73.—KABYLE JEWELLERS.

With tools of their own manufacture, or with those of foreign importation, the Kabyles make a great many useful and important articles. Jewellers and armourers are frequently found in their villages.

[Fig. 73], from a sketch by M. Duhousset, represents the workshop of a Kabyle jeweller. The lathe of the Kabyle workman is used to make the wooden vases and the numerous utensils sold by the Kabyles all along the African coast. It is sufficiently noteworthy that the Kabyle turner only uses the vertical lathe, and seems ignorant of the horizontal one so convenient and so generally used in Europe.


The Shellas dwell to the west of the Atlas, while the Kabyles are found to the east of these mountains. The former are tillers of the soil, laborious and poor. They are generally independent.

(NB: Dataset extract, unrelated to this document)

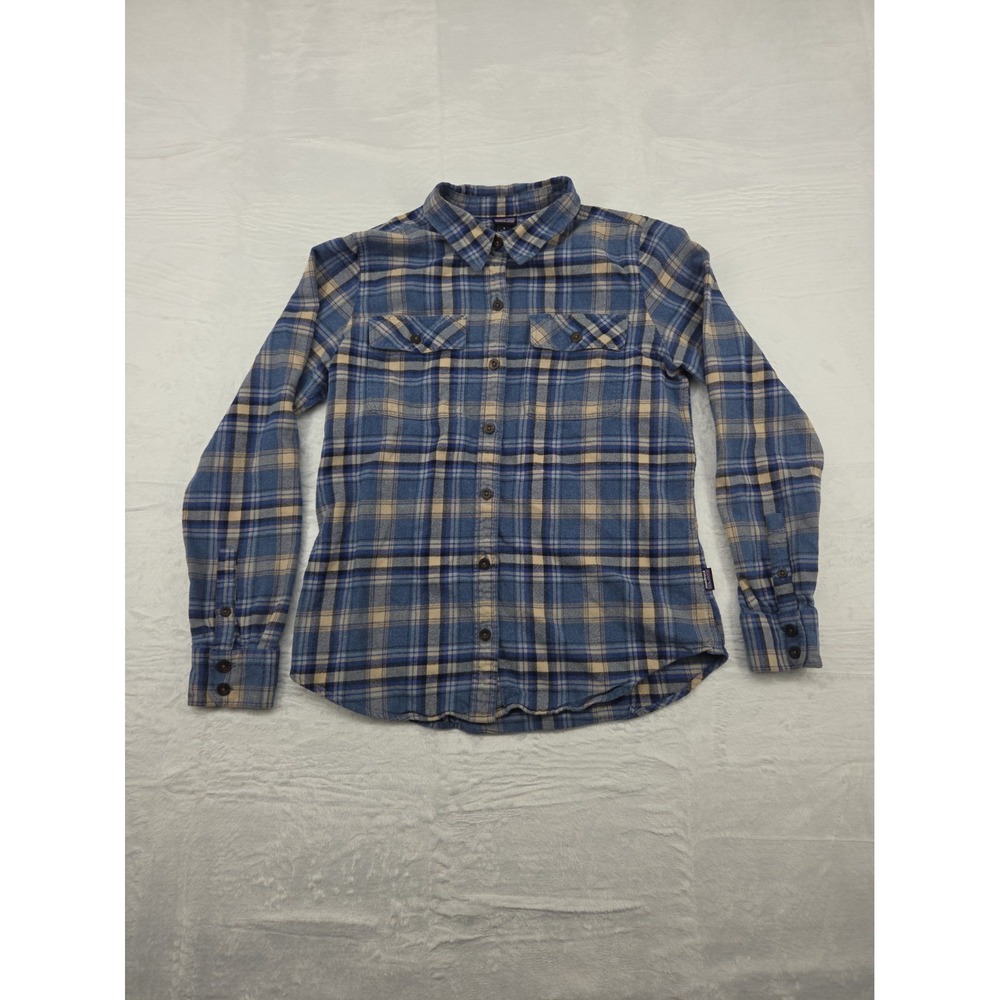 Long-Sleeved Organic Cotton Midweight Fjord Flannel Shirt Blue Women's Small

The Touariks are a people distinct from the two preceding ones. They are nomadic. They wander in the desert of Sahara, and make continual raids into Egypt to carry off slaves. M. Henri Duveyrier, who has published a detailed account of the Touariks of the North, declares that they are hospitable and humane. They are generally considered to consist of rather formidable tribes, accustomed to scour the desert, stop caravans and plunder the laggards. At any rate, it is a known fact that an ill-starred traveller, Miss Tinné, who had courageously explored parts of Asia and Africa, was assassinated in the desert in 1869 by some Touariks.